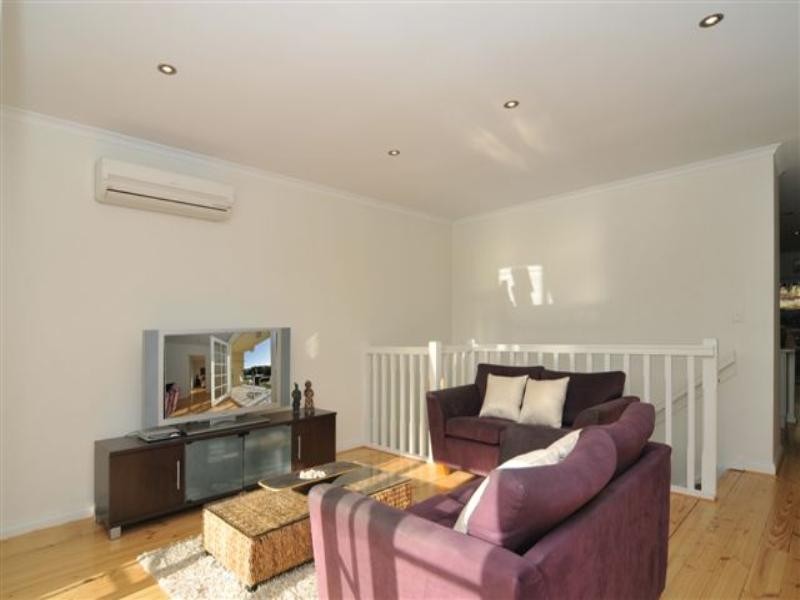 16 Trenoweth Close, Greenwith SA 5125
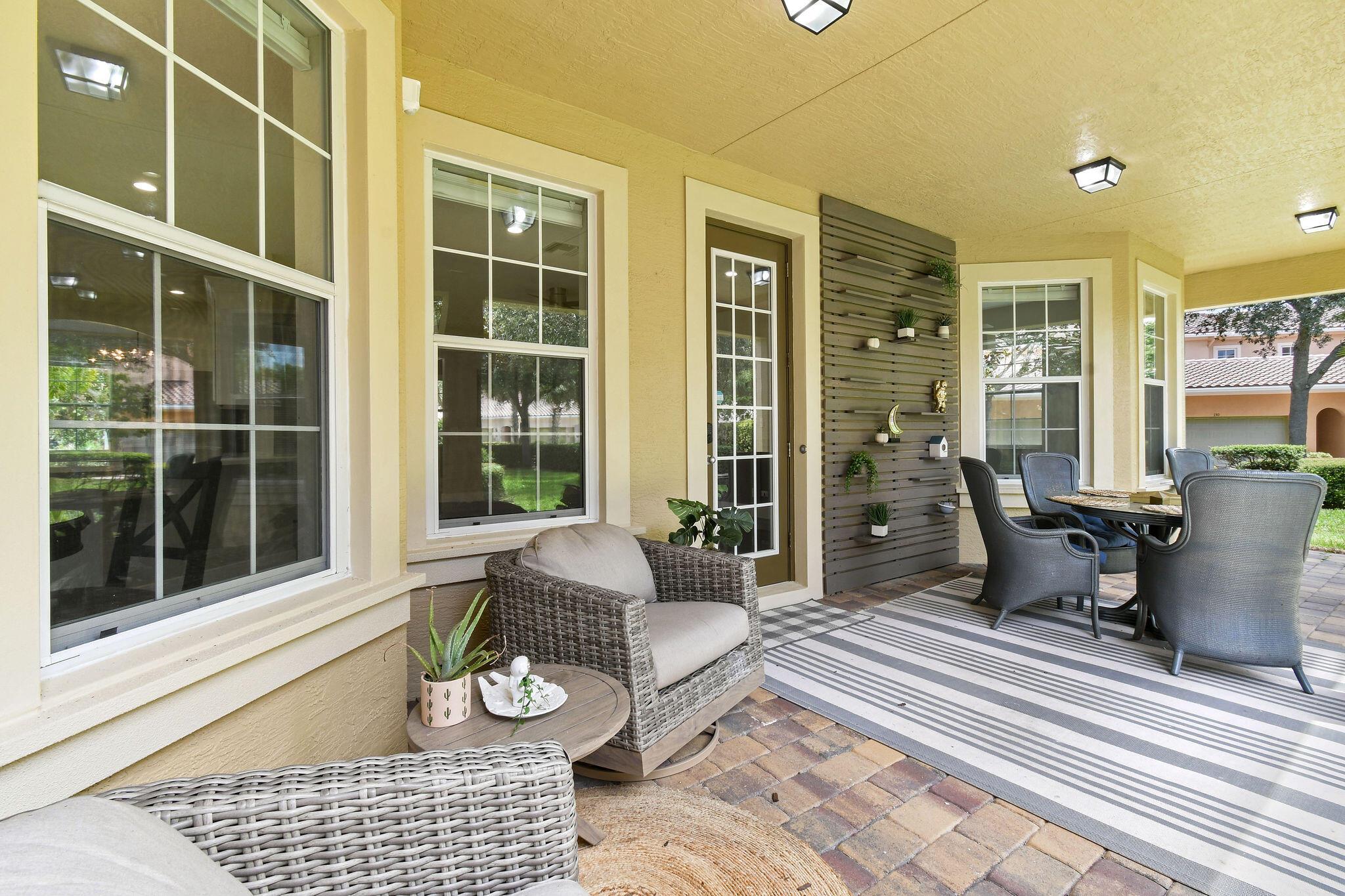 111 Tullamore Ave Jupiter, FL 33458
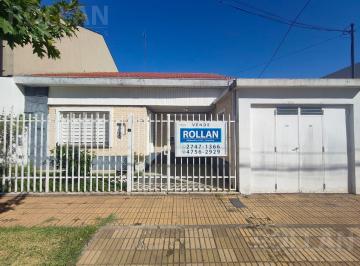 Casa · 100m² · 3 Ambientes · 1 Cochera · Imperdible Casa 3amb con Jardin Libre en Carapachay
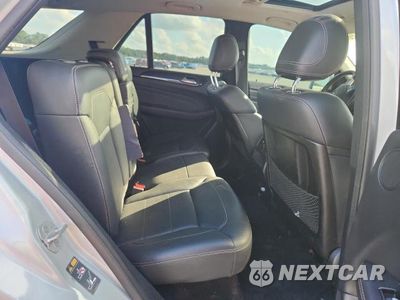 Zdjęcie 11 z 13 samochodu: 2015 MERCEDES-BENZ ML 350 VIN:4JGDA5JB3FA555681 - miniatura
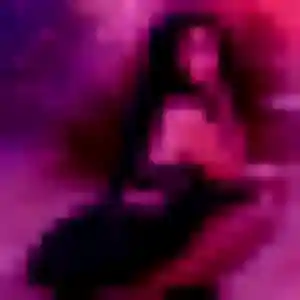 Belle Yolande, 22 ans à Caromb - la contacter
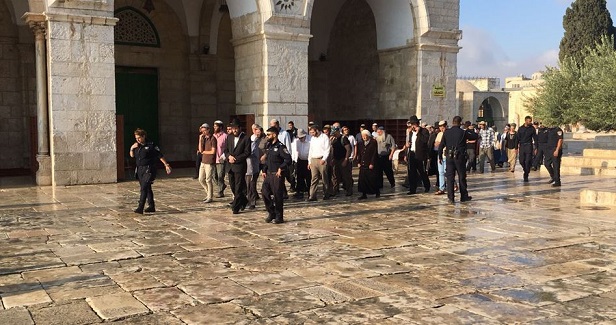 Extremist Israelis defile Aqsa Mosque on Yom Kippur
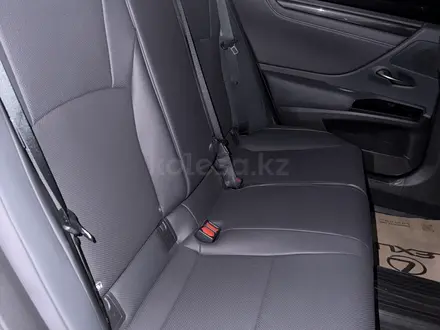 Lexus ES 250 2023 года за 24 000 000 тг. в Алматы – фото 10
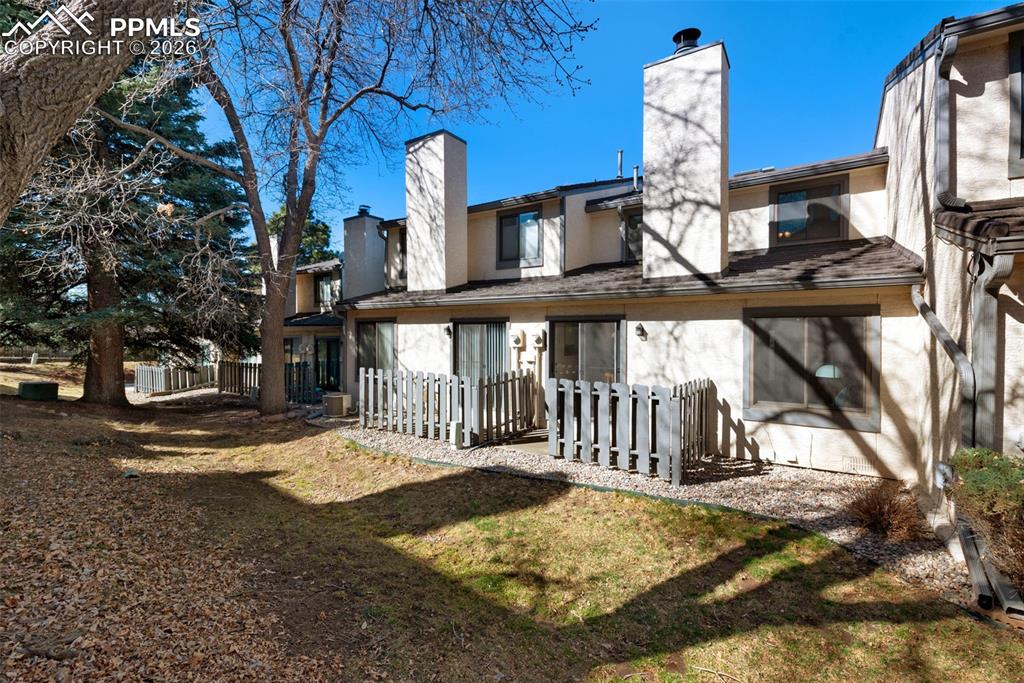 4529 Castlepoint Drive photo 3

_YOUR INSTRUCTIONS:_ Give back each entry verbatim but drop its pictures.

_RESPONSE TO THIS EXERCISE:_
 16 Trenoweth Close, Greenwith SA 5125
 111 Tullamore Ave Jupiter, FL 33458
 Casa · 100m² · 3 Ambientes · 1 Cochera · Imperdible Casa 3amb con Jardin Libre en Carapachay
 Zdjęcie 11 z 13 samochodu: 2015 MERCEDES-BENZ ML 350 VIN:4JGDA5JB3FA555681 - miniatura
 Belle Yolande, 22 ans à Caromb - la contacter
 Extremist Israelis defile Aqsa Mosque on Yom Kippur
 Lexus ES 250 2023 года за 24 000 000 тг. в Алматы – фото 10
 4529 Castlepoint Drive photo 3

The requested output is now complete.